Please set down word for word every line from the one holding "Moderno Sideboard Bianco" to the end of the data below, both included.

Saved entries
....

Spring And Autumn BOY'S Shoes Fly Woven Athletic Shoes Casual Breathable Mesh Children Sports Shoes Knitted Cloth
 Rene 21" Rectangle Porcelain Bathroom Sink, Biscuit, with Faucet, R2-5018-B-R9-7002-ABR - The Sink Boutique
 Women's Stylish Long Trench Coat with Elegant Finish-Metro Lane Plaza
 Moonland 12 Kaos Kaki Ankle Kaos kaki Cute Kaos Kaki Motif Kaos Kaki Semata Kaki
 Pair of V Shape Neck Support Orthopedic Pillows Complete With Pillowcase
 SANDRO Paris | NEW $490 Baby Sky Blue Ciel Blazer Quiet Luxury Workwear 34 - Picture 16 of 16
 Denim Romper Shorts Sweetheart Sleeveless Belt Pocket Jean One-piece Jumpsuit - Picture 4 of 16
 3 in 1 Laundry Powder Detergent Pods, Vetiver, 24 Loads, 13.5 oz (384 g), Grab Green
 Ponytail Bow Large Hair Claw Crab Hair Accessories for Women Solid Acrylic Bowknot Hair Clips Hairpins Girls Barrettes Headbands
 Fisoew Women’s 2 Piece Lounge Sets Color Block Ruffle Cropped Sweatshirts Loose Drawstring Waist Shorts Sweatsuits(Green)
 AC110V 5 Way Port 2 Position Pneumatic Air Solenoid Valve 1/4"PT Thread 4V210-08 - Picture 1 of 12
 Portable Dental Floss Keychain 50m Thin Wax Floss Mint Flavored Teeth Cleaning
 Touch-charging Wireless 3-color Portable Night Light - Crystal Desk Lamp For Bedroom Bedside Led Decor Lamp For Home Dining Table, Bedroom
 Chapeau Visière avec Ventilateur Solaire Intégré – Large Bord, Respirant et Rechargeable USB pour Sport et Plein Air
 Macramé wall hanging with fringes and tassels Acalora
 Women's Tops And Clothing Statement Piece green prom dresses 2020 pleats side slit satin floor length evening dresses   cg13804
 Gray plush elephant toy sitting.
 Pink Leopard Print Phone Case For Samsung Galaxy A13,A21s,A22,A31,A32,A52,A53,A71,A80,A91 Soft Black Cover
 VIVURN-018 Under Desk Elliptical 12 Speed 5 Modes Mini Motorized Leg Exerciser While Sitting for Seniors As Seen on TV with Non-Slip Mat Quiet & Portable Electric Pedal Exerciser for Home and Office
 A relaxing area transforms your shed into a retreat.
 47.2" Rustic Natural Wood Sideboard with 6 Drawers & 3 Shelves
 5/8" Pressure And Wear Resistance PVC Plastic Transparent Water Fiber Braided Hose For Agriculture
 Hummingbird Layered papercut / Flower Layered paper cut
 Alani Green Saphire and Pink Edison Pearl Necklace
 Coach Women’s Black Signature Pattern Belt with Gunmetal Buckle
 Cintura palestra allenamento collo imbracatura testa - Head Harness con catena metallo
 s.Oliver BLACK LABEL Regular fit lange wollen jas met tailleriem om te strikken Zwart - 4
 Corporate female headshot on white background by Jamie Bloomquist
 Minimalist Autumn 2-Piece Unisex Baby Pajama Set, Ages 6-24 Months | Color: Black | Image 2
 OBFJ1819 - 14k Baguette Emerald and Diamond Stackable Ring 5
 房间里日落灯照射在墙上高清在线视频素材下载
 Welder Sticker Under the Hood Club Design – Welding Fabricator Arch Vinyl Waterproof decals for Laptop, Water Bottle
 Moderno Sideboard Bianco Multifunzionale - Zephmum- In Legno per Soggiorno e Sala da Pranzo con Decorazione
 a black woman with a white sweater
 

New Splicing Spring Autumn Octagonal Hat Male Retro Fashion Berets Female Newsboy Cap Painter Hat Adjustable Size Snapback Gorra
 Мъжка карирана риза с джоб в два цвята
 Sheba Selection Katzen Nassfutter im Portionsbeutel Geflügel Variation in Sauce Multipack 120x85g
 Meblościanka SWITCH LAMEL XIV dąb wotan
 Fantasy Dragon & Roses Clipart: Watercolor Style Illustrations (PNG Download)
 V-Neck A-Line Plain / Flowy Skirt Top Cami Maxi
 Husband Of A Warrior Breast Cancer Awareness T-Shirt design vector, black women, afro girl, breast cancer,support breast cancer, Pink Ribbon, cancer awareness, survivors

....

* [Exercise solution]
 Moderno Sideboard Bianco Multifunzionale - Zephmum- In Legno per Soggiorno e Sala da Pranzo con Decorazione
 a black woman with a white sweater
 

New Splicing Spring Autumn Octagonal Hat Male Retro Fashion Berets Female Newsboy Cap Painter Hat Adjustable Size Snapback Gorra
 Мъжка карирана риза с джоб в два цвята
 Sheba Selection Katzen Nassfutter im Portionsbeutel Geflügel Variation in Sauce Multipack 120x85g
 Meblościanka SWITCH LAMEL XIV dąb wotan
 Fantasy Dragon & Roses Clipart: Watercolor Style Illustrations (PNG Download)
 V-Neck A-Line Plain / Flowy Skirt Top Cami Maxi
 Husband Of A Warrior Breast Cancer Awareness T-Shirt design vector, black women, afro girl, breast cancer,support breast cancer, Pink Ribbon, cancer awareness, survivors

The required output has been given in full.